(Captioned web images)
◆ ◆ ◆

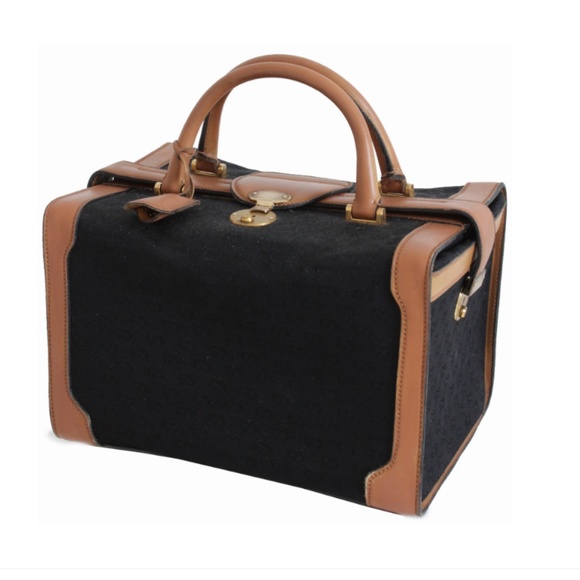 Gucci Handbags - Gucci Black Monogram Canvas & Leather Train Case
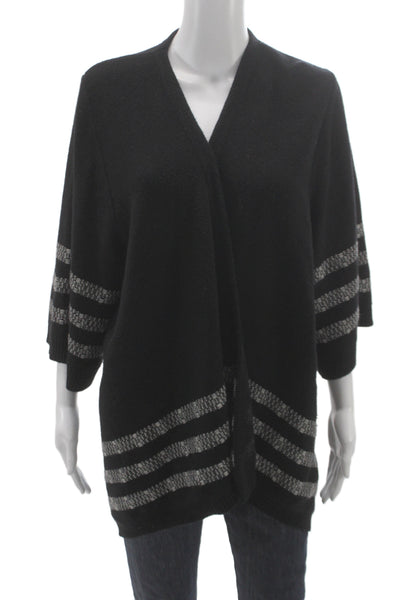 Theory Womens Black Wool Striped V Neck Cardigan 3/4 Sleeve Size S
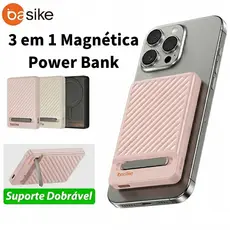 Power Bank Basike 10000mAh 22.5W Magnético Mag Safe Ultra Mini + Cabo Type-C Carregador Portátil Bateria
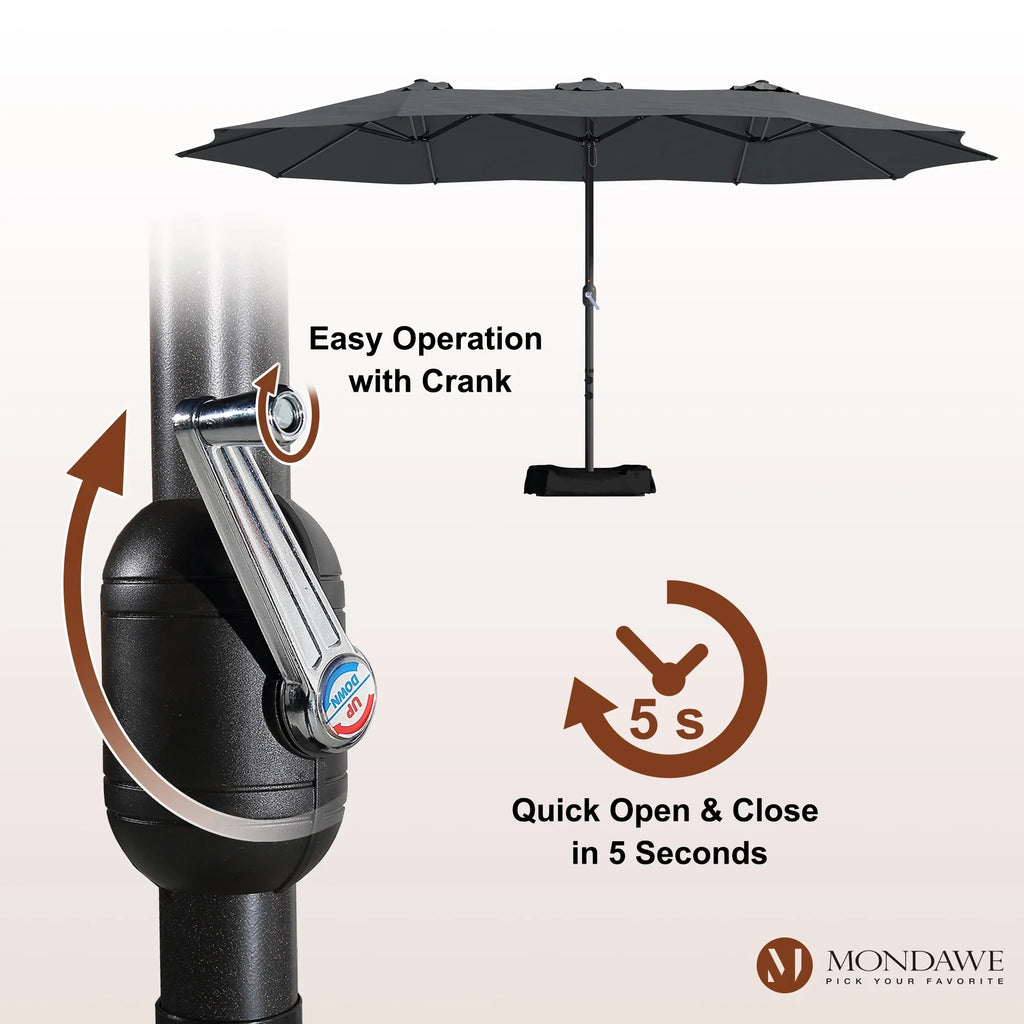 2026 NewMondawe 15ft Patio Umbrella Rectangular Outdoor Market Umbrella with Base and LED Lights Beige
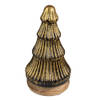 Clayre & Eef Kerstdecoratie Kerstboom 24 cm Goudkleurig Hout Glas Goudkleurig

◆ ◆ ◆

The answer should consist of every line above, exact and free of images.

 Gucci Handbags - Gucci Black Monogram Canvas & Leather Train Case
 Theory Womens Black Wool Striped V Neck Cardigan 3/4 Sleeve Size S
 Power Bank Basike 10000mAh 22.5W Magnético Mag Safe Ultra Mini + Cabo Type-C Carregador Portátil Bateria
 2026 NewMondawe 15ft Patio Umbrella Rectangular Outdoor Market Umbrella with Base and LED Lights Beige
 Clayre & Eef Kerstdecoratie Kerstboom 24 cm Goudkleurig Hout Glas Goudkleurig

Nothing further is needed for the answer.